• **Activity**
Give the data again in its entirety, exactly as provided.

• **Provided records**
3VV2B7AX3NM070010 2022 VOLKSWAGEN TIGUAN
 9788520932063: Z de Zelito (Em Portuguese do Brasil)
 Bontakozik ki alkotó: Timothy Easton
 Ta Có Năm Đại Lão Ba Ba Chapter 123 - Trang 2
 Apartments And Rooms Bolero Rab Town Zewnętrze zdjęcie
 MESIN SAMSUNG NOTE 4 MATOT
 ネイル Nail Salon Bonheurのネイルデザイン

• **Answer to the problem**
3VV2B7AX3NM070010 2022 VOLKSWAGEN TIGUAN
 9788520932063: Z de Zelito (Em Portuguese do Brasil)
 Bontakozik ki alkotó: Timothy Easton
 Ta Có Năm Đại Lão Ba Ba Chapter 123 - Trang 2
 Apartments And Rooms Bolero Rab Town Zewnętrze zdjęcie
 MESIN SAMSUNG NOTE 4 MATOT
 ネイル Nail Salon Bonheurのネイルデザイン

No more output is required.